The Chinese economic transition, from huge exporter to more balanced consumer, is clearly going badly wrong. Debt-addicted China looks increasingly like subprime-shackled America on the brink of the crisis.

The fundamental cause of the 2008 crisis was that, over an extended period, global borrowing far exceeded global growth, in the ratio 3.2:1. Far from learning from the crash, we have actually increased that ratio, adding $3.40 of debt for each $1 increase in global GDP between 2007 and 2014.

If we look more narrowly at “real economy” debt – which excludes the banking sector – the deterioration is even more marked. Between 2000 and 2007, global GDP grew by $17 trillion whilst debt increased by $38 trillion. Since then, nominal growth has again been $17 trillion, but the increase in debt has accelerated, to $49 trillion. This means that each dollar of growth has come at cost of $2.90 in new debt, up from $2.20 between 2000 and 2007.

Pretty obviously, this is indicative of an inability to learn from past mistakes. But the added complication is that the global response to the 2008 crisis hard-wired the next crash into the system.

As well as huge debts that could never be repaid, the authorities became aware in 2008 that simply trying to keep up the payments on this mountain of debt could, of itself, bring down the system. When cutting “policy” interest rates proved to be insufficient, central banks set out to manipulate market interest rates (that is, bond market yields) as well. This was what the creation of money through “quantitative easing” (QE) was really all about.

Though a multiplicity of factors contributed to the 2007-08 banking crash, the fundamental issue was an unsustainably rapid increase in indebtedness in relation to economic output. To be more specific, the problem was an excess of private (rather than state) borrowing. This problem was far worse in some countries (such as America, Britain and, most obviously, Iceland and Ireland), and far more restrained in others. But the overall relationship between debt and growth became inherently unstable in the years before the crash.

Before 2008, seemingly-robust economic growth deluded bankers, policymakers and investors alike into the belief that the growing debt mountain was supportable. What they were missing was that much of the so-called “growth” was really nothing more than the spending of borrowed money. As soon as the capacity to go on borrowing reached some kind of limit, growth would decelerate rapidly. Starting in the summer of 2007, that is exactly what happened.

To assess what is happening now, we need to be a bit more specific about debt, dividing it into three categories. The first of these is financial debt, which is the scale of indebtedness between banks and other financial institutions.
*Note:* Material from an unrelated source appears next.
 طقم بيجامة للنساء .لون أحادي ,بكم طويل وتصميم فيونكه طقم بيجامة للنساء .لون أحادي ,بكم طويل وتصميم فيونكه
This accounted for $17 trillion within the $55 trillion increase in global debt between 2000 and 2007, but has since slackened, contributing $8 trillion to the $57 trillion increase in global debt between 2007 and 2014. We have, to a certain extent, brought banking under tighter control.

If we exclude this banking component, what remains is “real economy” debt. Here, the pace of borrowing has actually accelerated. Real economy debt increased by $38 trillion between 2000 and 2007, but grew by $49 trillion between 2007 and 2014. Therefore, the amount of new debt taken on for each dollar of “growth” has increased, from $2.20 to $2.90.

As 2008 illustrated, a grave imbalance between borrowing and growth makes a crash inevitable. All that then remains is to find a venue, which has to be an economy which is debt-addicted, but which is also big enough to matter. Though many economies (including Iceland, Ireland, Greece and Dubai) borrowed excessively before 2008, none of these was big enough to shake the global system. America, on the other hand, most emphatically was.